Lets use real numbers from commonly done real experiments.

Four hundred kilograms floating on dry ice can be accelerated by a string that is draped over a pulley. The string is weighted with one kilogram that can drop one meter.

After the one kilogram has dropped one meter the velocity is .2212 m/sec and the momentum is 88.7 kg * m / sec.

Using the despin procedure (as demonstrated by the 36 g and 2000 experiment) you can transfer this momentum to a small one kilograms mass.

A one kilograms mass with 88.7 units of momentum will be moving 88.7 m/sec.

The one kilogram moving 88.7 meters per second can rise 401 meters.

At a height of 401 meters one kilogram has 3933.81 joules of potential energy.

This series of events was started with one kilogram at one meter of height which has 9.81 joules of potential energy.

#### Delburt Phend

• Full Member
• Posts: 221
##### Re: re: energy producing experiments
« Reply #226 on: April 07, 2021, 12:02:58 AM »
How much momentum is produces by a 12000 kg Atwood with 5985 kg on both sides; and the Atwood’s uses a 30 meter high stack of 30 one kilogram masses as a drive mass. And how does that momentum compare with the momentum needed to reload the stack after a drop of one meter?

input

You have a 30 meter high stack of 1 kilogram masses spaced one meter apart. To increase the height of this stack by one meter; you only need to remove the bottom kilogram and place it on the top of the stack. To do this you need to give the one kilogram a velocity of 24.26 m/sec. This velocity will require the application of 9.81 newtons for 2.473 sec.

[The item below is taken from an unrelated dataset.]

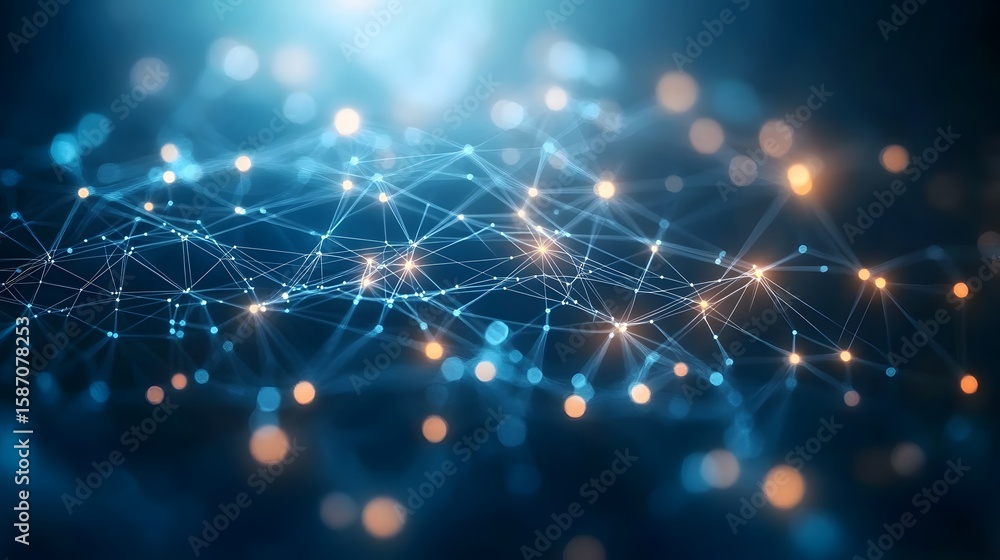 Poster complex network of interconnected points and lines.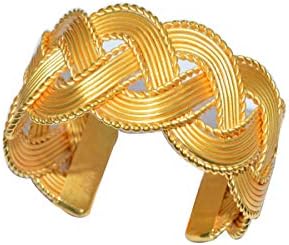 Handmade Design Yellow Gold Plated Cuff Bracelet Fashion Jewellery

Formulas used are: d =1/2 at²  and d = ½ v²/a and F = ma

The input force * time is   9.81 N * 2.473 seconds  = 24.26 N * sec; for one kilogram this is 24.26 m/sec

The input momentum is 24.26 m/sec * 1 kg = 24.26 kg*m/sec

Real numbers for output momentum;

A stack of 30 kilograms exerts a force of 30 kg * 9.81 N/kg = 294.3 N; upon a mass of 12000 kg (5985 kg + 5985 kg + 30 kg).

For an acceleration of F = ma:  294.3 N = 12000 kg * a   = .024525 m/sec²

After a drop of one meter the entire 12000 kilograms will be moving .22147 m/sec.

Formula used: d =1/2 v²/a    =   the square root of (1 m * 2 * .024525 m/sec²) = .22147 m/sec.

For a momentum to 2657.67 kg * m/sec;    12,000 kg * .22147 m/sec = 2657.64 kg* m/sec.

This takes 9.03047 sec for the stack to drop one meter; the stack has a force of 294.3 N, for 9.03047 sec * 294.3 N = 2657.66 N * sec.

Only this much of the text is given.